Ben Cohen of the famous "Ben & Jerry's" ice cream brand finds the current relationship between money and political campaigns far from sweet. Cohen spoke with KETR briefly before his Tuesday evening engagement at Texas A&M University-Commerce and described his current focus on political activism.
Haslett: Ben and Jerry – the ice cream entrepreneurs turned philanthropists and activists – came to Commerce Tuesday evening for a speaking engagement at Texas A&M University-Commerce. Jerry Greenfield and Ben Cohen, both native New Yorkers, started their internationally famous ice cream business as a storefront operation in Burlington, Vermont in 1978. But for over a decade now, Ben and Jerry have been more involved with social causes than the ice cream that brought them success and notoriety. In 2000, the Ben and Jerry’s company was purchased by the Anglo-Dutch multinational corporation Unilever, one of the largest consumer goods companies in the world.

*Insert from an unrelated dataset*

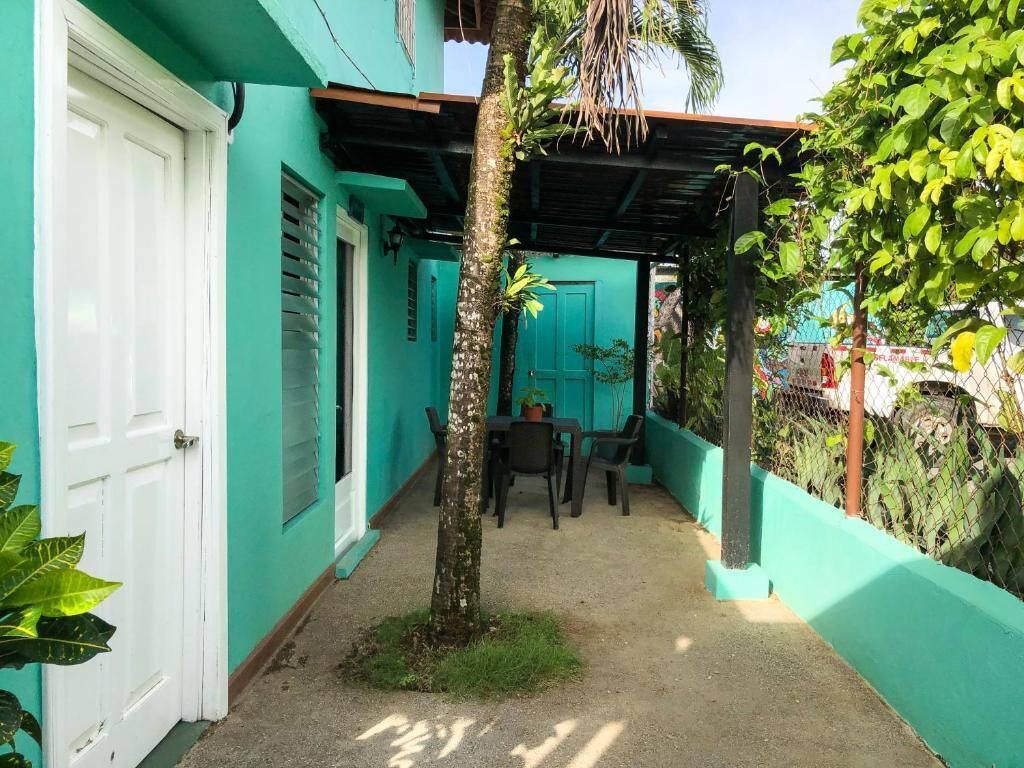 A covered outdoor area with a table and chairs, a door, and a small tree.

Ben Cohen said that he opposed the purchase, but since the company was publicly held, he and others against the sale were unable to prevent it.
Cohen: So now Jerry and I are “co-founders.” We’re technically employed by the company. In our positions, we don’t have any authority and we don’t have any responsibility.
Haslett: Since stepping back from the ice cream business, the two have turned more to social causes. Greenfield has had more time to spend on philanthropy. He heads the Ben & Jerry’s Foundation, which actually dates back to 1985. The foundation funds grassroots, constituent-led community organizations with operating budgets of less than $500,000. Cohen has been focusing on activism – specifically, the issue of campaign finance reform.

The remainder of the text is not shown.